The 16,000 bottles of kosher wine produced yearly represent only about five percent of Capçanes’ production but attract most of the attention around here. The wine is mostly exported to the United States and Israel, but it also finds its way to small Jewish communities in Europe and Mexico. Just five days after it was bottled, we tasted the 2000 Flor de Primavera, a wine that in 1998 was judged the second-best kosher wine in the world. Blood red, slightly mineral-tasting, and with dominant fruity notes, the wine could compete with other quality reds even on a non-kosher scale.

The Bodega Cooperativo sells local olives, olive oil, wine vinegar, honey, nuts, and of course, wine. Sold in jugs at just over €1 a liter, it’s definitely a bargain.

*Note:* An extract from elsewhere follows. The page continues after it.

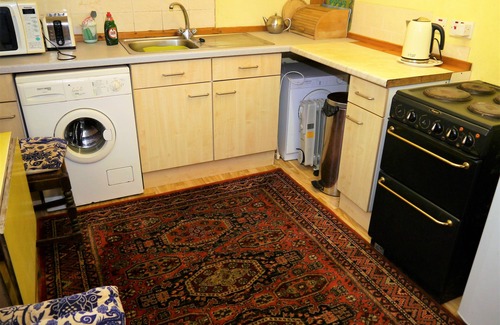 Drumchork Cottage | Badluarach Sea View - a cottage that sleeps 5 guests in 3 bedrooms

After so much wine talk and wine exploring, I was hungry and ready to sit down with a glass of my own. La Cassola in the D.O. Priorat town Gratallops was just the restaurant; simple with homestyle fare served in huge portions, and just €11 for a complete menu (appetizer, bread, first and second plates, dessert, coffee, wine, and water). After lunch and a short siesta, I set off again, this time to explore the heart of D.O. Priorat.

The geographical differences between the center of Priorat and the surrounding Montsant ring are apparent. While sandy soils and reddish clay were abundant in D.O. Montsant, in D.O. Priorat, a dark grey slate makes up the mountains and the cliffs and lies under the vineyards, forcing the plants’ roots to dig deep for nourishment. Translated to wines, Montsant’s tend to be fruitier, while Priorat’s have a slightly mineral taste and are sharper.

To understand more about the wines made here in D.O. Priorat, I visited Lluís Porqueres, owner of the wine store La Vinateria del Boli in the northern town Scala-Dei. Lluís estimates that he has 90 percent of the wines produced in the region in his shop, and anything he doesn’t already know about their make-up, the wineries that make them or their histories he looks up for you in one of his many books about wine.

Among the bottles of Las Terrassas, Masia Barril and a €200 bottle of Álvaro Palacios’ L’Ermita, are wines for every taste and price range. Lluís also sells wines by the glass, including the vino rancio his family has made for generations using grapes left on the vines to shrivel. These grapes have highly concentrated sugars, and their wine smells like port but is harsher in the mouth.

Scala Dei is a rather sleepy town focused on the production and sale of wines made from the vineyards that threaten to take over the town from all sides. But just a kilometer away is the twelfth-century La Cartoixa D’Escaladei, the first Carthusian monastery founded on the Iberian peninsula.

Priorat owes its name to the monastery, or rather to the monastery’s leader, the prior. The prior ruled over his territory (his priorato) with absolute control, and the monastery was the centre of wealth and power for hundreds of years. It was also the object of resentment and jealousy. When skirmishes in the area forced the monks to abandon the monastery in the mid 1800s, townspeople ransacked it, taking all they could and leaving the enormous, ornate monastery in ruins in a matter of months.

Now regular guided visits to these ruins reveal another piece of Priorat’s history. Though modern techniques now characterise the wine and agriculture industries here, Priorat is as dependent as ever on the land itself. My visit in 2002 didn’t differ all that much from a what a visit a hundred years ago would have been like; a look at vineyards stretched along hillsides, tasting wines drawn from wooden barrels, a pilgrimage to a monastery along the way.

The naturally slow process of making wine surely has something to do with Priorat’s slow process of change; until someone invents a grape that grows overnight, a visit in a hundred more years probably won’t be very different.